3rd August 2020

Household essentials for the first few weeks of parenthood

Yes, you should probably get a bottle steriliser, a nursing pillow and so many burp cloths (get bamboo if you can, for the environment) that your living room looks like an explosion in a flag factory. But what about the stuff that will save you, and more importantly, your sanity, in the first few weeks of motherhood?

A kitchen full of pre-prepped food

It is a long-held wisdom among mothers that one should not enter into the serious business of motherhood without stocking one’s freezer with an entire apocalypse’s worth of lovingly home-cooked casseroles, curries and bologneses.

If you can’t quite stomach the idea of getting off your sofa to do this, however, consider completing, paying for, and arranging delivery for a month’s worth of weekly groceries. Your future self will thank you for not making her leave the house unnecessarily, and you don’t even have to get off the sofa to make all this happen.

As for what to buy, consider that anything you want to cook and/or eat will have to be cooked and/or eaten with one hand, and buy accordingly. So ready meals are the order of the day; if you must cook, stock up on those items you’ve passed in the frozen aisle and wondered “who buys these?” – pre-chopped onions and mushrooms, frozen roast potatoes, grated cheese, etc.

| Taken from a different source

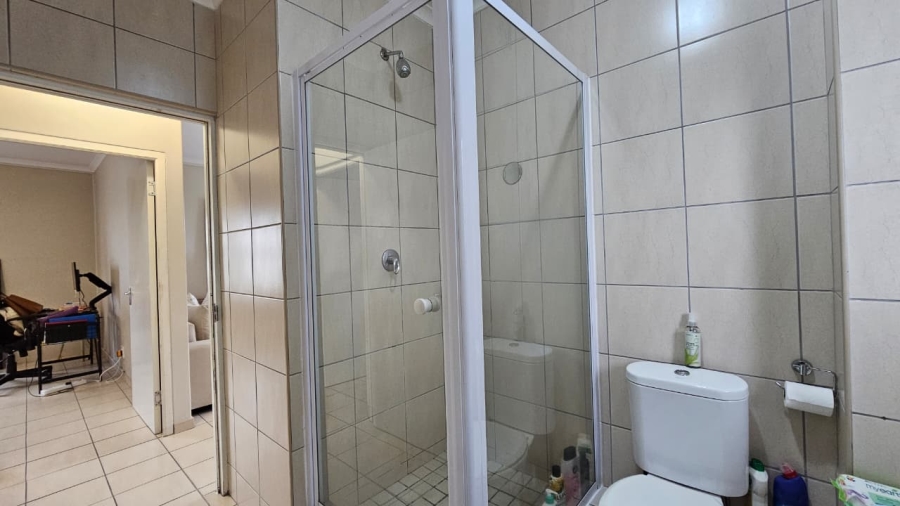To Let 2 Bedroom Property for Rent in Burgundy Estate Western Cape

You might also like to sign up to a meal kit delivery service, like Gousto or Hello Fresh, and then use emotional blackmail and/or your baby to pressure a relative into cooking it for you. If none of this appeals, may we suggest a few good pizza menus.

More snacks than you can shake a stick at

Early motherhood can be a magical time. It can also deplete you completely of energy, regardless of whether you’re breast or bottle-feeding, and you may come to find yourself relying on sugar and caffeine to keep you awake. So use your grocery service to buy your body weight in biscuits, then double that, because that’s how hungry you’ll be. You might also want to throw in some healthy snacks (pre-chopped crudites, for example; and a couple of frozen fruit smoothie mixes you can chuck in the blender for a vitamin boost), and more biscuits. Because apparently other people like them, too.

A streaming subscription

One of the most intensely enjoyable aspects of new motherhood these days is how you can watch multiple seasons of the trashiest TV in your pyjamas, completely without judgement, and while holding a cross between your new best friend and the world’s most adorable hot water bottle. A little viewing advice: 1) watch comforting things rather than brain-taxing things; especially if you’re not sleeping much; 2) DO NOT WATCH CRIME DRAMAS, because they all feature children in peril; and 3) watch everything with the subtitles on. You’d be surprised how much babies can time giant farts during key scenes.  

A tiny bag

No matter how cute your sleeping baby is – how perfect their eyelashes; how rhythmic their breathing – the only torture worse than being trapped under them with your phone out of reach is being trapped under one with your phone, but no battery, and no charger to hand. So always keep a little bag about your person, with a drinks bottle, thermos cup, snacks, tissues, lip and/or nipple balm, and a fully-charged portable phone charger or two.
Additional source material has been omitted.